Problem statement =
Write out exactly the lines of the entries below from the one holding "Single-kernel near-infrared spectroscopy" to the one holding "Poney Club Laillé", inclusive, and leave out all other lines.

Provided records =
++++++++++++++++++++

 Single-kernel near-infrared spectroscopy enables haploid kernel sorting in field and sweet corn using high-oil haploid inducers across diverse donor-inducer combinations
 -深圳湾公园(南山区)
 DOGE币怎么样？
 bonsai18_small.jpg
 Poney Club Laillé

++++++++++++++++++++

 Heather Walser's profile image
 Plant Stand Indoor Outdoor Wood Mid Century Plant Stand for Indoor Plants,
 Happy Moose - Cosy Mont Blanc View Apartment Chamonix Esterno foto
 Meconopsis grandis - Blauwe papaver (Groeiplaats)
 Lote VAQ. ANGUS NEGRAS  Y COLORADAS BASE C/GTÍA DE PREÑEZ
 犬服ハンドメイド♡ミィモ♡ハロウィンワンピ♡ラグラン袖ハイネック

++++++++++++++++++++

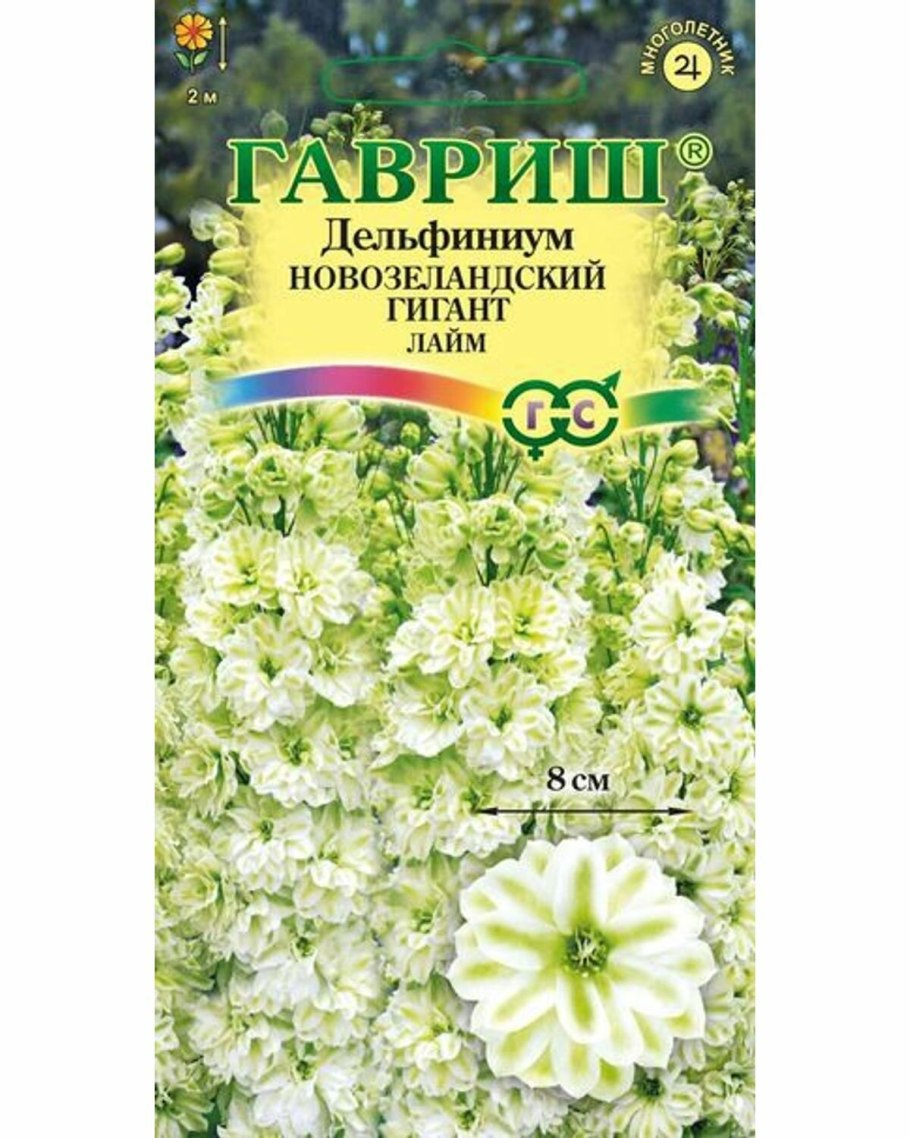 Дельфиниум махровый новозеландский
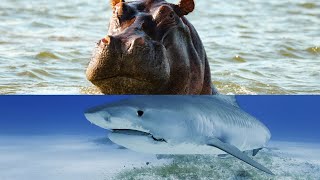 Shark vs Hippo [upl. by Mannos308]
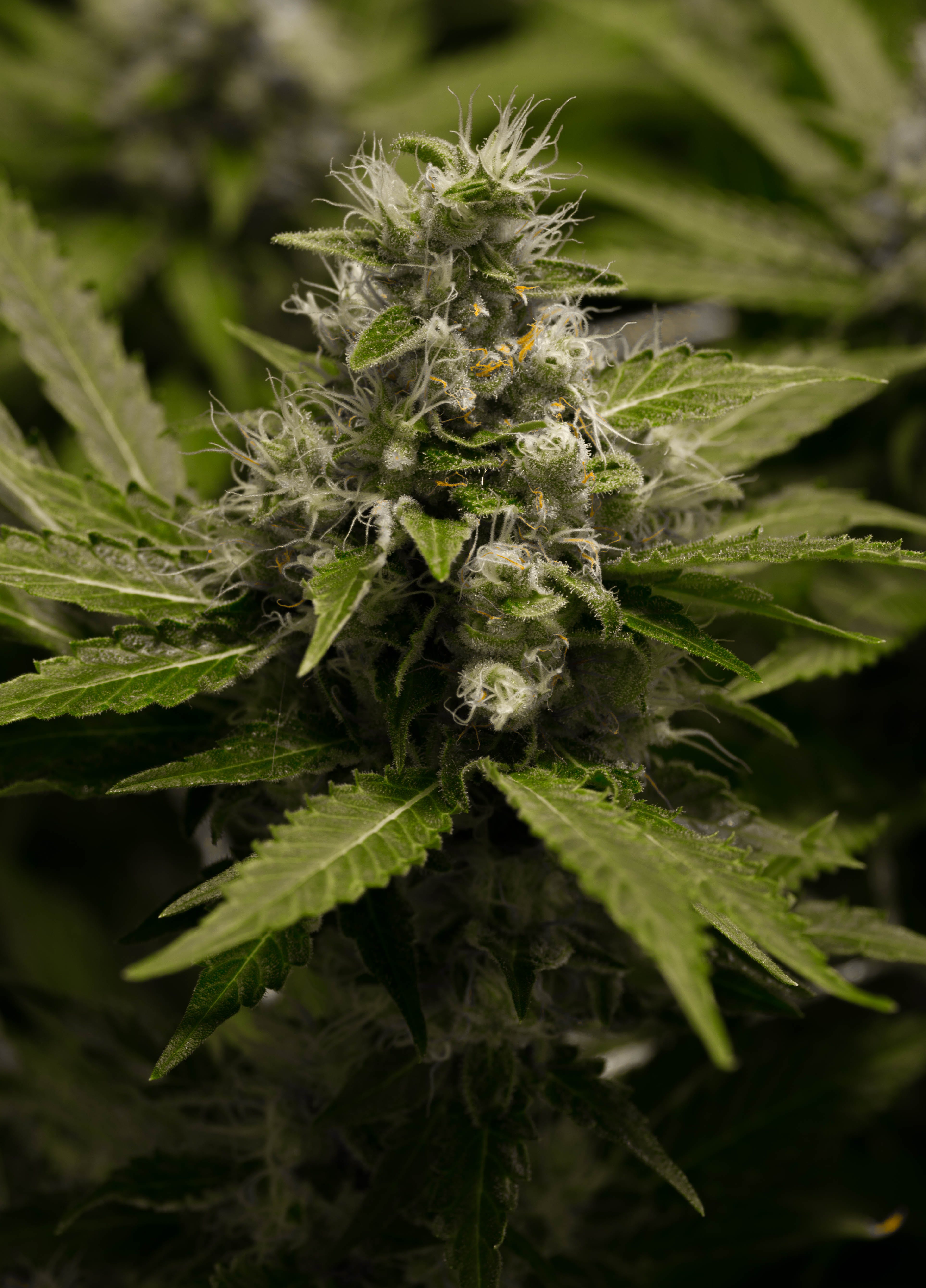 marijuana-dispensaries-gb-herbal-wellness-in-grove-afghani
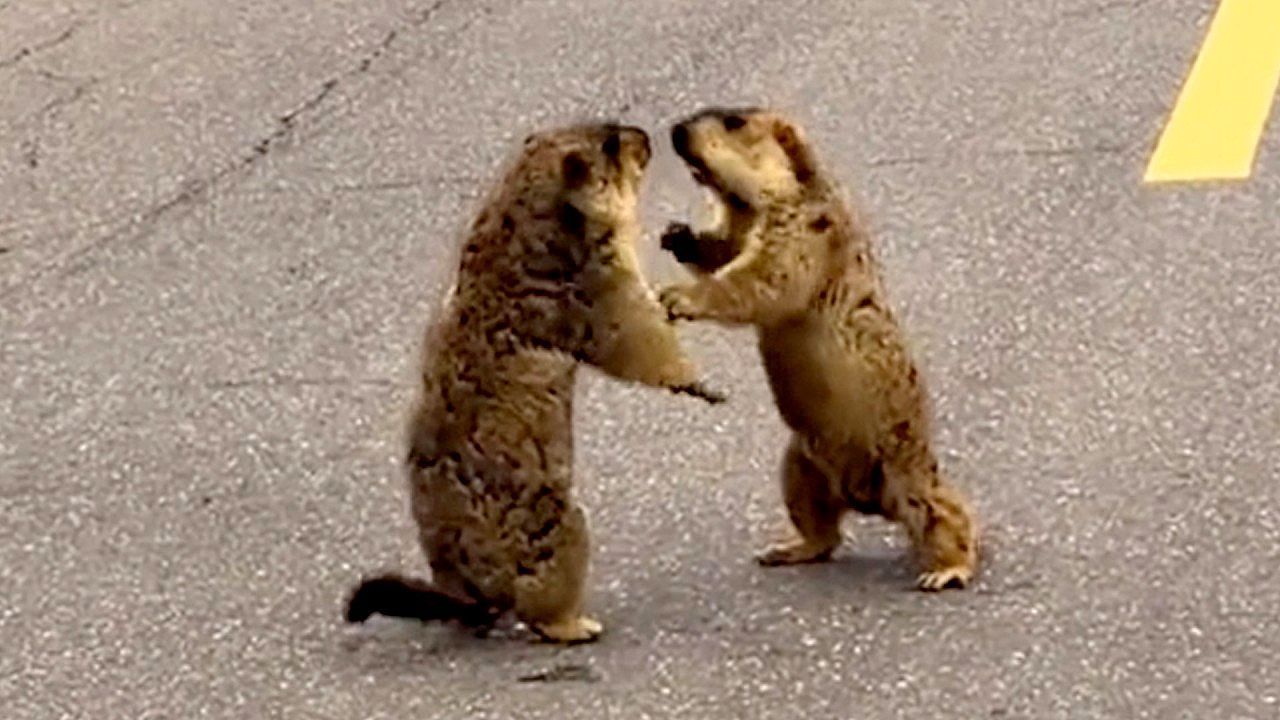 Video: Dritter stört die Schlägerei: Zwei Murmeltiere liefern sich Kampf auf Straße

++++++++++++++++++++

Result of the exercise =
 Single-kernel near-infrared spectroscopy enables haploid kernel sorting in field and sweet corn using high-oil haploid inducers across diverse donor-inducer combinations
 -深圳湾公园(南山区)
 DOGE币怎么样？
 bonsai18_small.jpg
 Poney Club Laillé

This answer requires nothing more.